─── DATA SUPPLIED ───
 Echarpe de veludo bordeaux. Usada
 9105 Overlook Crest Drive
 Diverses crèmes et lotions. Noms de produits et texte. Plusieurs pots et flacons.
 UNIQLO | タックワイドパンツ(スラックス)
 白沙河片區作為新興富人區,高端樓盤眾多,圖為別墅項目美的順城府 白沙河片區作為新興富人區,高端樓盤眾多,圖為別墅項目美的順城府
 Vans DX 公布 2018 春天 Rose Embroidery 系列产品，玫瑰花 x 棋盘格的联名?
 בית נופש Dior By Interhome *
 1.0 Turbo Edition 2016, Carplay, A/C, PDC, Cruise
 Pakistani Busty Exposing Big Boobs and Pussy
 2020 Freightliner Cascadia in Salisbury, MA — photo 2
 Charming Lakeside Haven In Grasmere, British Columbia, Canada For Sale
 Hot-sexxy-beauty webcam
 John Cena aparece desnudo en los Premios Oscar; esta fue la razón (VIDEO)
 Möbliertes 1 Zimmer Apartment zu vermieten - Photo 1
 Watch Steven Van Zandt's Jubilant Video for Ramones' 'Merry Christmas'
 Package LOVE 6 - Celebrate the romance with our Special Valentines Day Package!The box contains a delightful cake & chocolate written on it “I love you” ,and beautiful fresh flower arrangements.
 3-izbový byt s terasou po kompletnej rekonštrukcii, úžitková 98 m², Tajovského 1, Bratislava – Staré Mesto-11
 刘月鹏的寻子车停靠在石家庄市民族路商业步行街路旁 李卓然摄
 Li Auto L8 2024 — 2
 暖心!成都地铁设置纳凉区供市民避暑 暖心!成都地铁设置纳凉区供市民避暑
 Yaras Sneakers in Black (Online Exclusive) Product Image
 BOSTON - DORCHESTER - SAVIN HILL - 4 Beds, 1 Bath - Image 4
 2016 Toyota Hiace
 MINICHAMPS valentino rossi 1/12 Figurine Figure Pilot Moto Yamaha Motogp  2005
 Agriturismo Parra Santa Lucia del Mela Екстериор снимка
───
# TASK TO CARRY OUT:
Return the lines of the listing above exactly as they appear, starting with the first and stopping after the line that holds "בית נופש Dior By Interhome *".

# SOLUTION FOR THIS TASK:
 Echarpe de veludo bordeaux. Usada
 9105 Overlook Crest Drive
 Diverses crèmes et lotions. Noms de produits et texte. Plusieurs pots et flacons.
 UNIQLO | タックワイドパンツ(スラックス)
 白沙河片區作為新興富人區,高端樓盤眾多,圖為別墅項目美的順城府 白沙河片區作為新興富人區,高端樓盤眾多,圖為別墅項目美的順城府
 Vans DX 公布 2018 春天 Rose Embroidery 系列产品，玫瑰花 x 棋盘格的联名?
 בית נופש Dior By Interhome *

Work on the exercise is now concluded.